*** Opening Supplied material ***
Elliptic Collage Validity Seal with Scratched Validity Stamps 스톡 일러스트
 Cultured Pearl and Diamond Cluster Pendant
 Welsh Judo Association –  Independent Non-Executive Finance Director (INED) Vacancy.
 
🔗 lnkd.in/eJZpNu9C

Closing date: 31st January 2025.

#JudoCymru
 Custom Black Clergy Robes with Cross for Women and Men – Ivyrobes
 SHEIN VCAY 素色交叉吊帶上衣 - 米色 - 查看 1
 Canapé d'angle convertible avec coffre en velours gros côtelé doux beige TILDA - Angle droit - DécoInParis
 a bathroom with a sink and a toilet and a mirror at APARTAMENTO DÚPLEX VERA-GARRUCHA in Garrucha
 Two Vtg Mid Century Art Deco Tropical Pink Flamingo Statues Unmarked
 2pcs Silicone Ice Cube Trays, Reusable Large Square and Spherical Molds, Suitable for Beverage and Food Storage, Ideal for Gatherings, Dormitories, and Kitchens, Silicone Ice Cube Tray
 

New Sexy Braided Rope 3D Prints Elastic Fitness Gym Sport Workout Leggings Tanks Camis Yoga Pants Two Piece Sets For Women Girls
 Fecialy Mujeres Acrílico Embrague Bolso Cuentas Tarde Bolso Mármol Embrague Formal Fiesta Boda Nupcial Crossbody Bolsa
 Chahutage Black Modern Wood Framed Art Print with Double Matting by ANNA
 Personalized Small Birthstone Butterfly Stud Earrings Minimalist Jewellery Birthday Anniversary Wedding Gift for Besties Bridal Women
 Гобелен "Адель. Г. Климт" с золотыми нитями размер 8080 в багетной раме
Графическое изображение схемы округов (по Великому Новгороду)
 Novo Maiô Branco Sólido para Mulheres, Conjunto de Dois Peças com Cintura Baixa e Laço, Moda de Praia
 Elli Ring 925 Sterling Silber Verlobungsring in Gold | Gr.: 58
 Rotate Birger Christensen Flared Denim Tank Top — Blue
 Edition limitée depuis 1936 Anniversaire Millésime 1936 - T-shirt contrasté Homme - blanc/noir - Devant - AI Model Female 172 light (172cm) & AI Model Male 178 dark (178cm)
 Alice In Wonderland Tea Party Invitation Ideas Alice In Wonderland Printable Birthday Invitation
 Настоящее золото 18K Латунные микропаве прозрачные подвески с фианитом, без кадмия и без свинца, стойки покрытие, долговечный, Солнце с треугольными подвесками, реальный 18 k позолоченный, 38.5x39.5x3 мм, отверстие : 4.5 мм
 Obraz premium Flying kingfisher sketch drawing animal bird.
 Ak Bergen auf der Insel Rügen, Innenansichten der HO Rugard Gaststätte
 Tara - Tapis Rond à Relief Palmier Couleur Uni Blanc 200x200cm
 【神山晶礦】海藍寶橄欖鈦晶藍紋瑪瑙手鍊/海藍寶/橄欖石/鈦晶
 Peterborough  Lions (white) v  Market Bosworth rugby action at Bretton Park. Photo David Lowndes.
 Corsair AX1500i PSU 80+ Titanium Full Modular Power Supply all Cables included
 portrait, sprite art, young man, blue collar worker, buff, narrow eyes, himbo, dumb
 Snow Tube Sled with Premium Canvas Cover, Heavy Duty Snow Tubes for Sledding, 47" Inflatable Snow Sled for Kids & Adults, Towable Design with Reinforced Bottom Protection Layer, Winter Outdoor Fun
*** Closing Supplied material ***
### Work request
Within the data above, how many lines include the string "Black"? Answer with the number by itself.

### Answer section
2